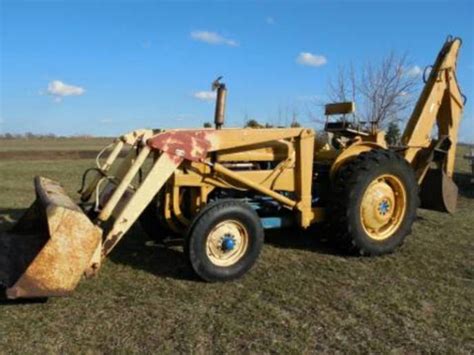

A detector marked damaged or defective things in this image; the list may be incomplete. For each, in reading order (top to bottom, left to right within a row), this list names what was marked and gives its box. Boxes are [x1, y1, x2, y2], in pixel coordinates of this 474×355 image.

rusty bucket [0, 177, 101, 298]
rusty bucket [420, 170, 458, 214]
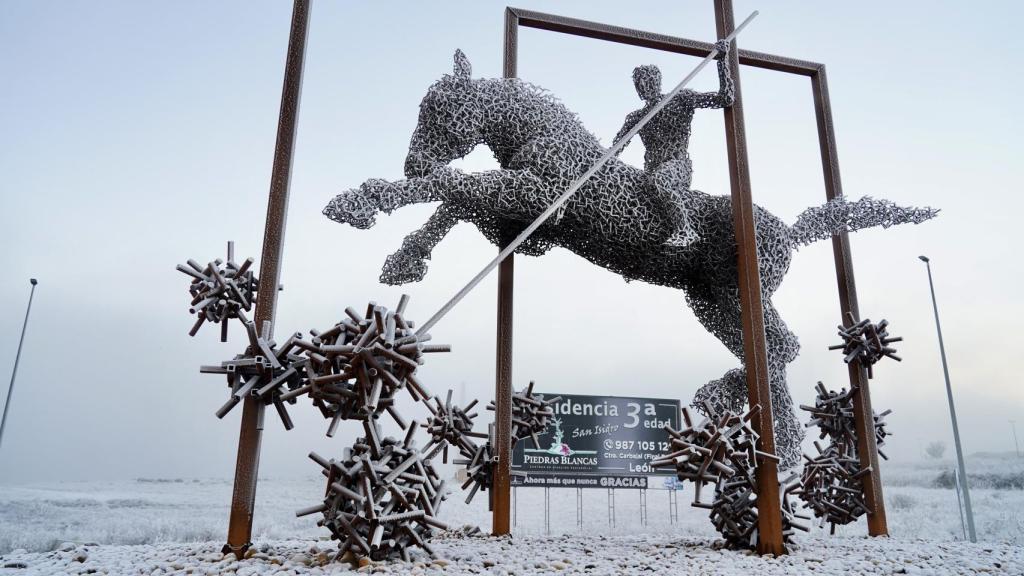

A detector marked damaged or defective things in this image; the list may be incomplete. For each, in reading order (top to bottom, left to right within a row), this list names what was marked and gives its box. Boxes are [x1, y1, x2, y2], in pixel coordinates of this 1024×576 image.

rusted steel beam [221, 0, 307, 557]
rusted steel beam [507, 6, 819, 76]
rusted steel beam [716, 0, 786, 557]
rusted steel beam [806, 69, 888, 537]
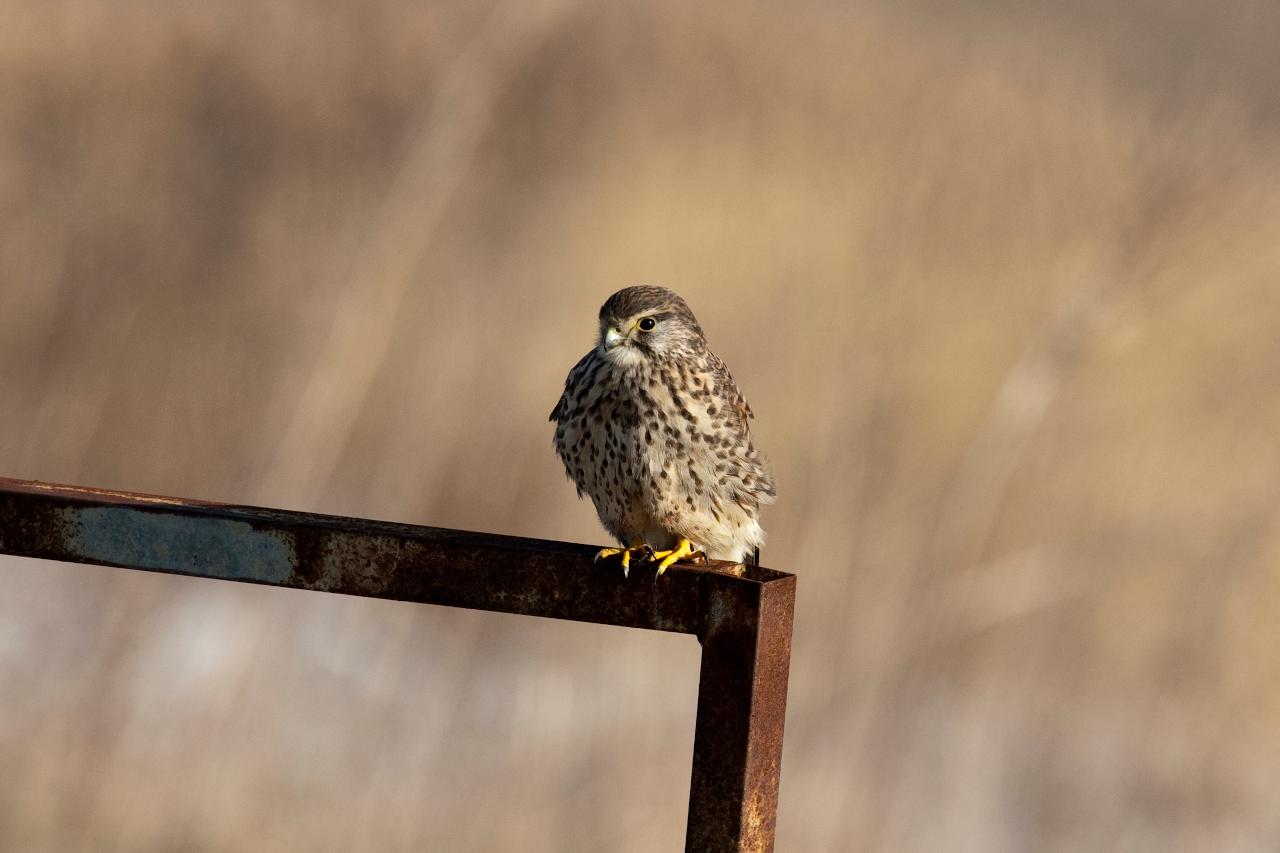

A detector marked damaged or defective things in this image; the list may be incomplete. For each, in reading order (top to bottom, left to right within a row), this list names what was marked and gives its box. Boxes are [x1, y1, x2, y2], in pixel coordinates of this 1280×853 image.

rusty metal frame [0, 476, 796, 848]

WHAT IS REQUIRED → Your answer must be the lines from the one containing "this 1280×853 image." to the last line of the entries, repeated exactly and with nothing else.

OUTPUT OF THE EXERCISE →
A detector marked damaged or defective things in this image; the list may be incomplete. For each, in reading order (top to bottom, left to right within a row), this list names what was marked and gives its box. Boxes are [x1, y1, x2, y2], in pixel coordinates of this 1280×853 image.

rusty metal frame [0, 476, 796, 848]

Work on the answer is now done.